The objective of this project is to secure the emerging wireless networks utilizing cognitive radio and dynamic spectrum access. To avoid harmful interference to primary users, cognitive radios rely on cooperative spectrum sensing to accurately detect idle channels for dynamic spectrum access. This project will develop algorithms to detect and countermeasure the spectrum sensing data falsification (SSDF) attack to cognitive radio networks. The participating student will utilize machine learning techniques to design an effective algorithm to exclude malicious sensing reports.
Intrusion Detection by Deep Learning (Mentor: J. Li, Co-Mentor: C. Xin)
Intrusion detection plays a critical role in protecting modern computer systems. The objective of this project is to conduct intrusion detection by analyzing users' behavior patterns using deep learning techniques. An intrusion can be identified if a user has an abnormal behavior, through the classic machine learning approach that extracts features from user's data. The challenge is that we do not know in advance which features are informative. In this project, we will use deep learning as an automatic feature extractor for intrusion detection.
Public Discourse toward Security Agencies (Mentor: B. Payne, Co-Mentor: J. Still)
The objective of this project is to explore public discourse about federal agencies that protect our computer networks: The National Security Agency (NSA), the Federal Bureau of Investigations (FBI), and the Central Intelligence Agency (CIA). These agencies have as components of their mission the protection of computer networks and the investigation of threats to those networks. There has been public concern over the balance between protecting these networks and individual liberties. Officials must understand these concerns in order to address them effectively. This project will analyze the huge volume of Twitter data that contain variations of the terms NSA, FBI, and CIA.
Human Behavior and Security (Mentor: W. He, Co-Mentor: D. Wittkower)

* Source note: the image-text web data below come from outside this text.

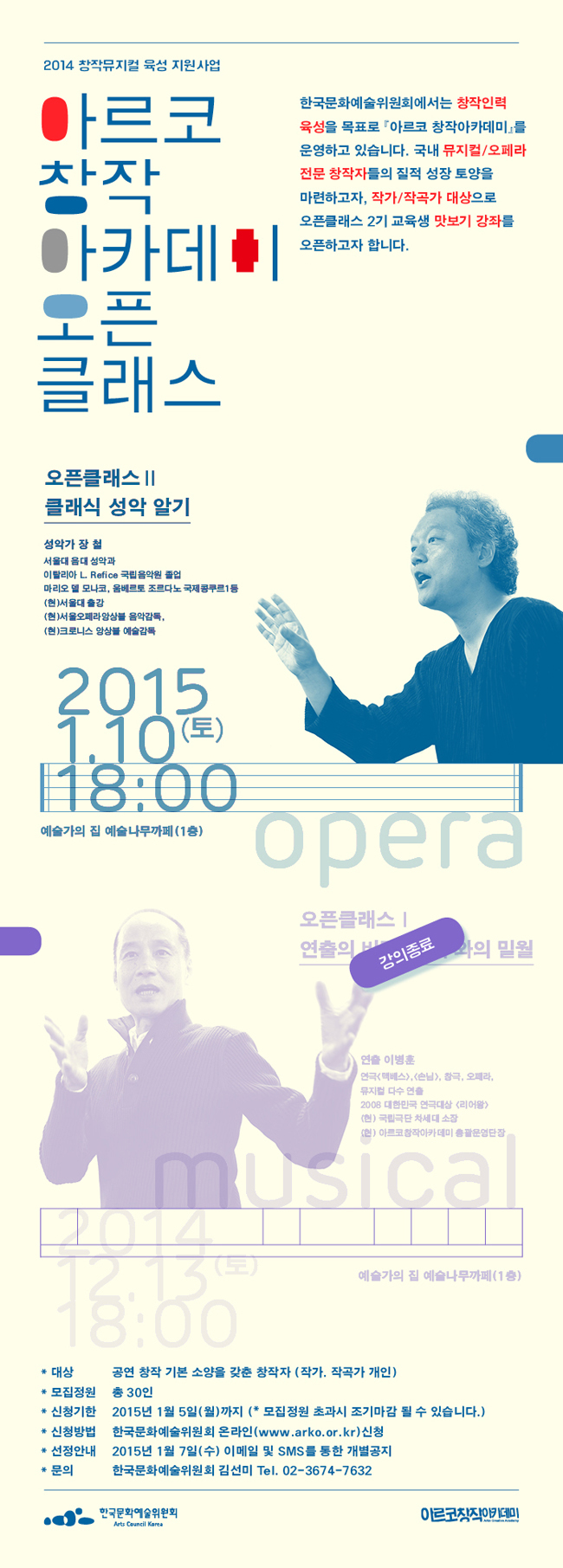 2014 창작뮤지컬 육성 지원사업 아르코창작아카데미 오픈클래스 Ⅱ 클래식 성악 알기, 2015.01.10(토) 18:00-20:00, 대상_공연 창작 기본 소양을 갖춘 창작자 (작가, 작곡가 개인). 모집인원 _총 30인, 신청기한 2015년 1월 5일(월)까지(*모집정원 초과시 조기마감 될 수 있습니다.), 신청방법_한국문화예술위원회 온라인(www.arko.or.kr) 신청, 선정안내_2014년 01월 07일(수) 이메일 및 SMS를 통한 개별공지, 문의_한국문화예술위원회 김선미 Tel. 02-3674-7632, 성악가_장 철, 서울대 음대 성악과, 이탈리아 L. Refice국립음악원 졸업, 마리오 델 모나코, 움베르토 조르다노 국제콩쿠르1등, (현)서울대 출강, (현)서울오페라앙상블 음악감독,(현)크로니스 앙상블 예술감독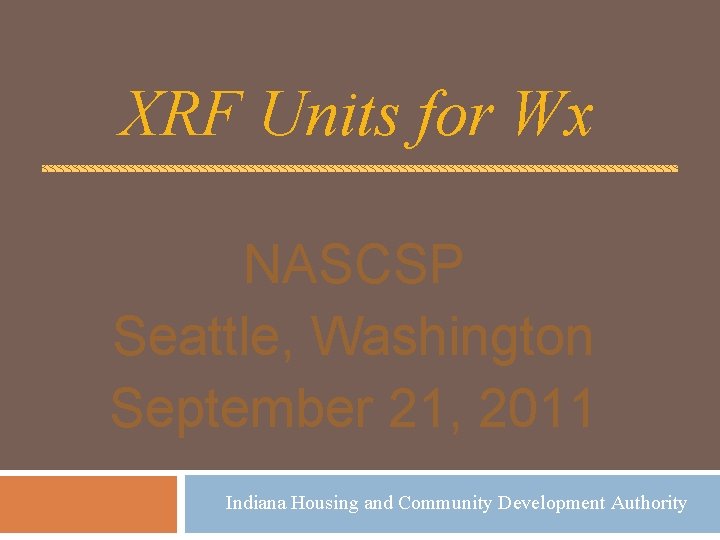 XRF Units for Wx NASCSP Seattle, Washington September 21, 2011 Indiana Housing and Community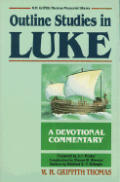 Outline Studies In Luke A Devotional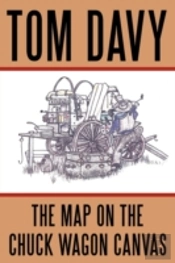 The Map On The Chuck Wagon Canvas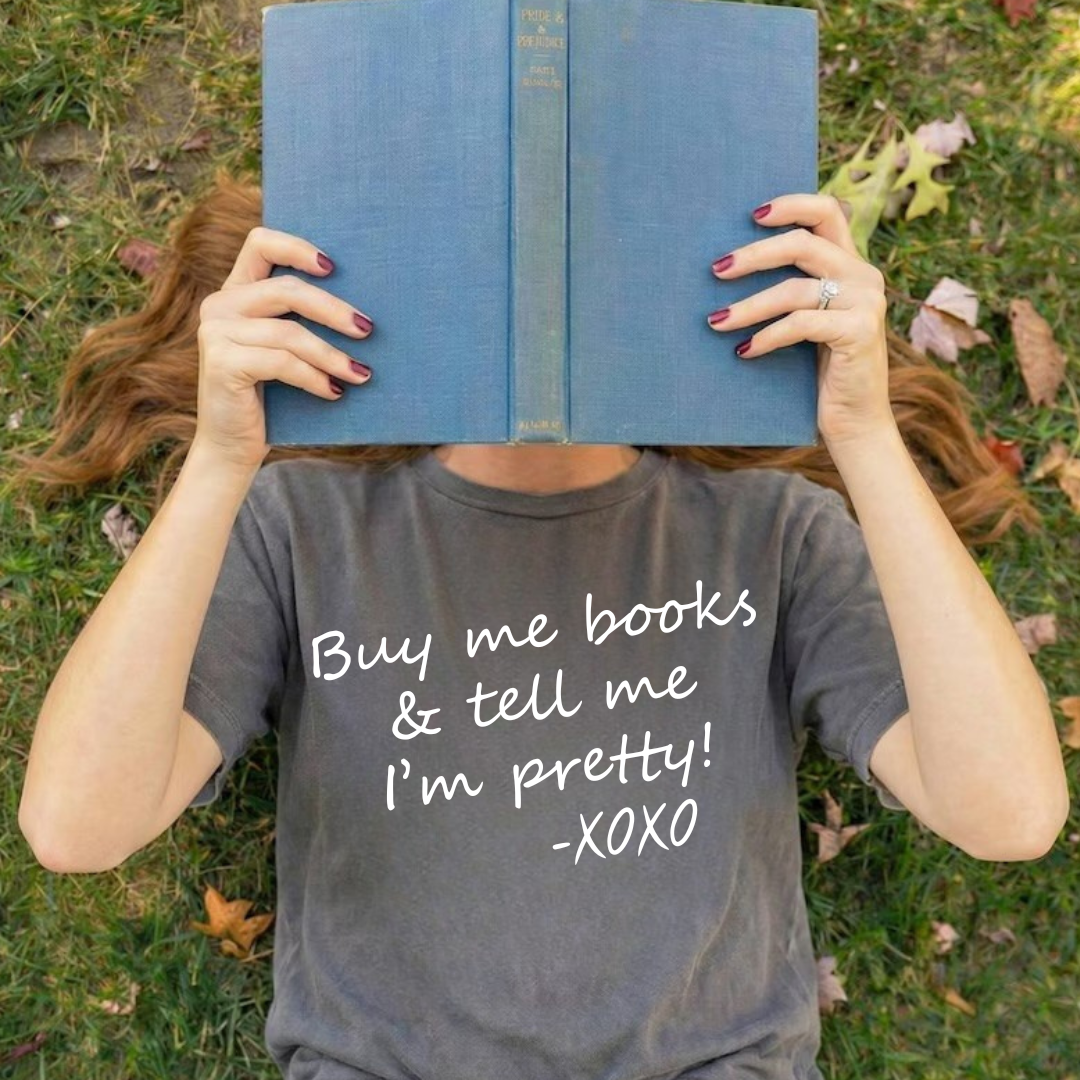 Buy me books and tell me I’m pretty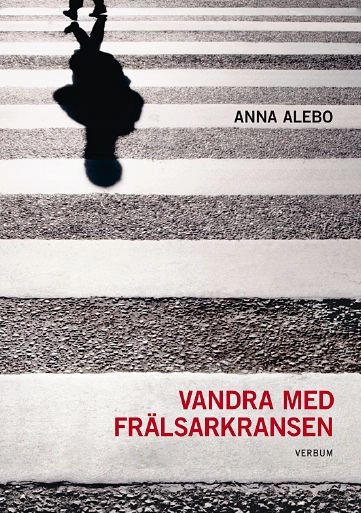 Vandra med frälsarkransen; Anna Alebo; 2012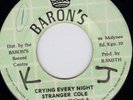 STRANGER COLE - CRYING EVERY NIGHT b/w Herman Marquis Tom's Version BARON'S ??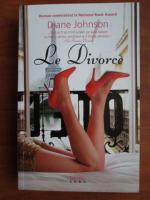 Anticariat: Diane Johnson - Le divorce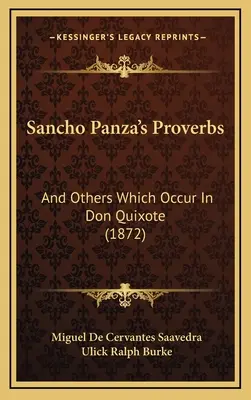 Sancho Panzas Sprichwörter: Und andere, die in Don Quijote vorkommen (1872) - Sancho Panza's Proverbs: And Others Which Occur In Don Quixote (1872)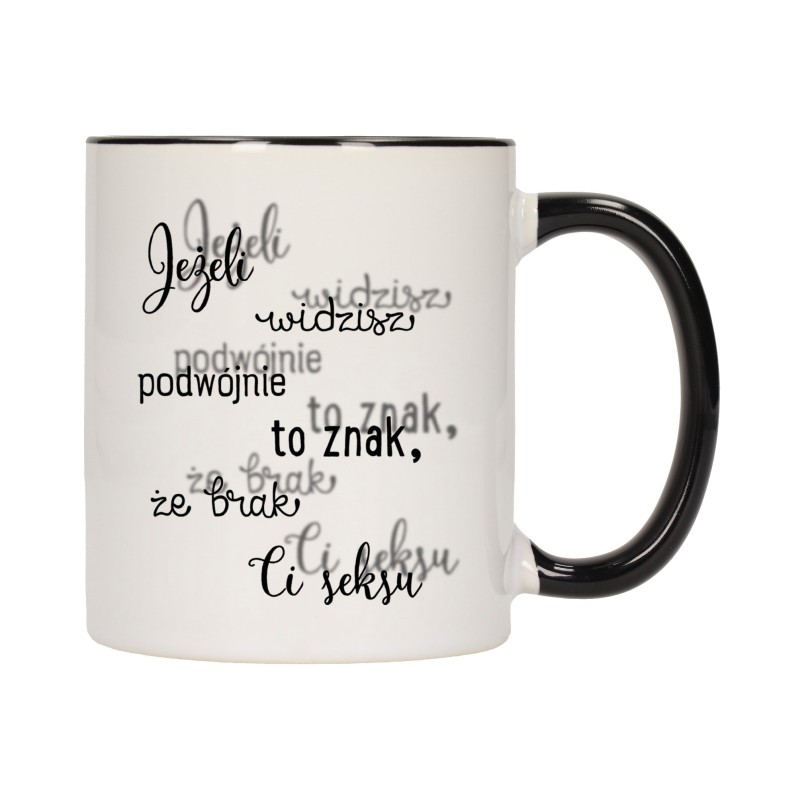 KUBEK KUBKI CZARNY ŚRODEK UCHO ŚMIESZNY ZABAWNY NAPIS PREZENT W271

The objective of this project is to discover the relationship between human behavior and security. As social media, mobile devices, and cloud computing platforms become increasingly prevalent, the research and development of more effective ways to increase internet users security awareness and to encourage them to engage in secure behavior online become critical. The REU student will design customized algorithms to conduct data analysis based on emerging big data analytics and data mining techniques, to find the relationship between human behavior and security.
Ethics for Cybersecurity Professionals (Mentor: D. Wittkower, Co-Mentor: B. Payne)
The objective of this project is to develop new research in ethics for cybersecurity professionals. The student will survey available resources in prescriptive ethics of cybersecurity. The primary area of interest is in the application of fiduciary duties and relationships of special trust to the distinctive moral dilemmas faced by cybersecurity professionals arising between employee loyalty and obligations to the public having to do with privacy and personally identifiable information (PII) management. Following this survey, the student will then conduct further research and write an article, which will afford targeted instruction in prescriptive ethical reasoning on moral dilemmas in data management for cybersecurity professionals.
Face Recognition for Security Applications (Mentor: K. Iftekharuddin, Co-Mentor: Y. Li)
In recent years video surveillance has been widely established in both private and public venues for security. This project plans to use a humanoid robotic platform known as NAO to accomplish complex recognition task such as face and facial expression recognition. The objective of this project is to develop a robust face and facial recognition algorithm using the recently introduced concept in the field of artificial neural network (ANN). The recognition algorithm can then be used in secure applications such as to detect potential intruders as well as identify their facial expression to measure the level of associated threat.